About this task
Copy word for word the lines of the records below, beginning at the one with "EnvDress's tweet image." and finishing at the one with "Salvage Ford Mustang Image", ends included, but none of the pictures.

Data for the task
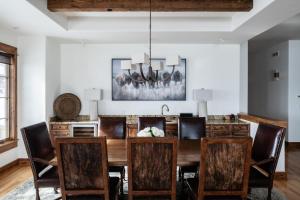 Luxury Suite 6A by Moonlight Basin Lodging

==

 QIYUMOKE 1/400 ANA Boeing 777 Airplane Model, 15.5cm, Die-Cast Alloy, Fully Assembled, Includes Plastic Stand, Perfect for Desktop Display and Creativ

---

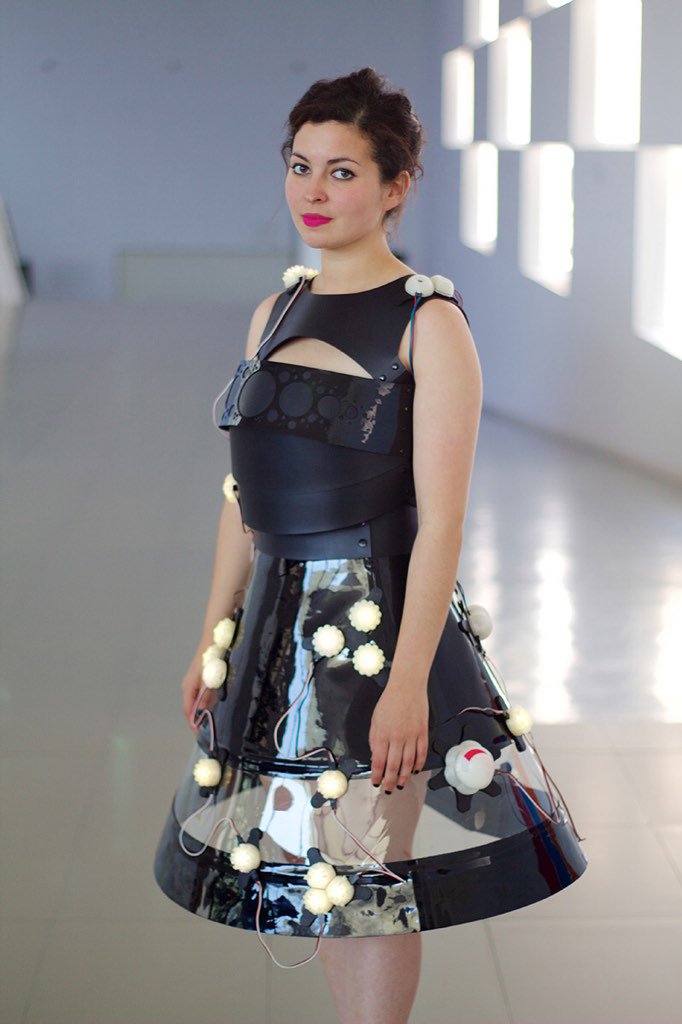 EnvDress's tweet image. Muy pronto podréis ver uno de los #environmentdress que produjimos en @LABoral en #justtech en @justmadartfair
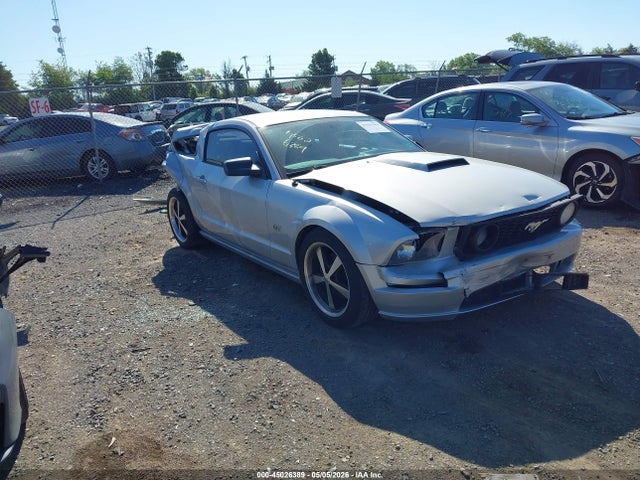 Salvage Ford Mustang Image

Exercise result
 EnvDress's tweet image. Muy pronto podréis ver uno de los #environmentdress que produjimos en @LABoral en #justtech en @justmadartfair
 Salvage Ford Mustang Image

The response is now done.